* DATA EXTRACT *
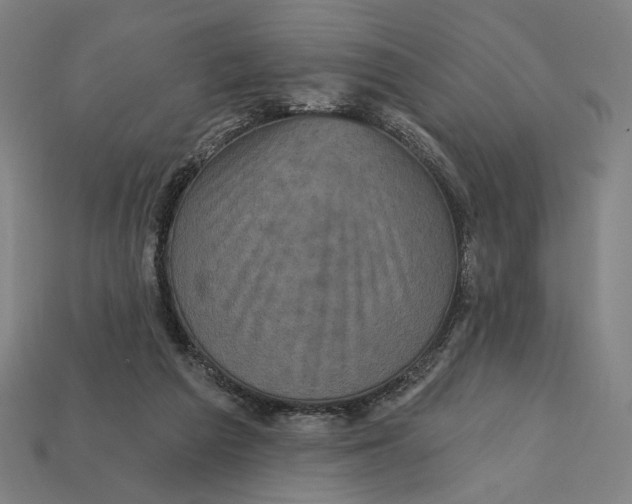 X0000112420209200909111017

* * *

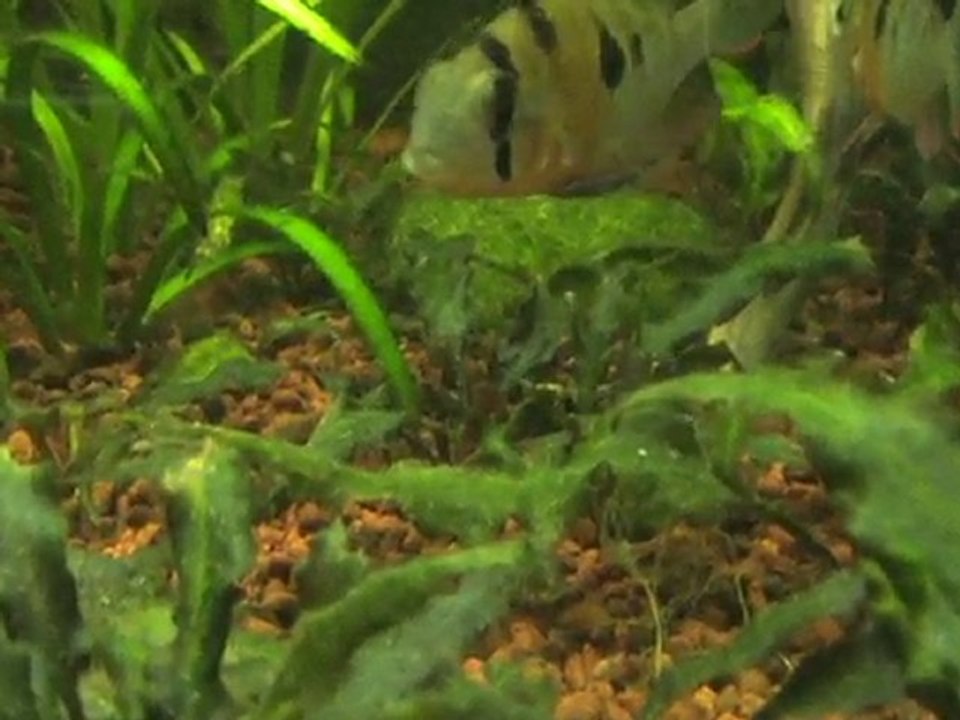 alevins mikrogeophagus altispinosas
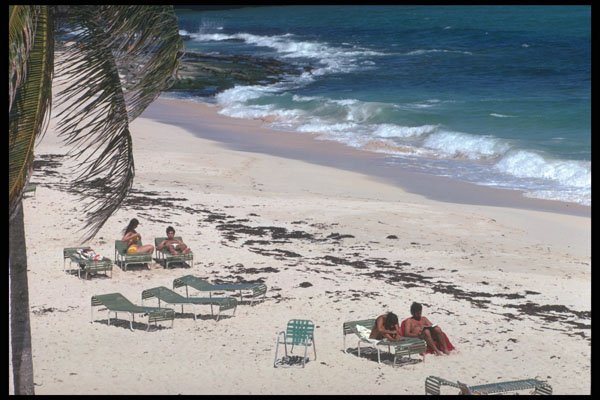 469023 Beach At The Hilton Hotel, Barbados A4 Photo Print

* TASK *
What you need to produce is an exact copy of the entries above, limited to the lines from the one with "alevins mikrogeophagus altispinosas" up to and including the one with "469023 Beach At", without pictures.

* RESPONSE BELOW *
 alevins mikrogeophagus altispinosas
 469023 Beach At The Hilton Hotel, Barbados A4 Photo Print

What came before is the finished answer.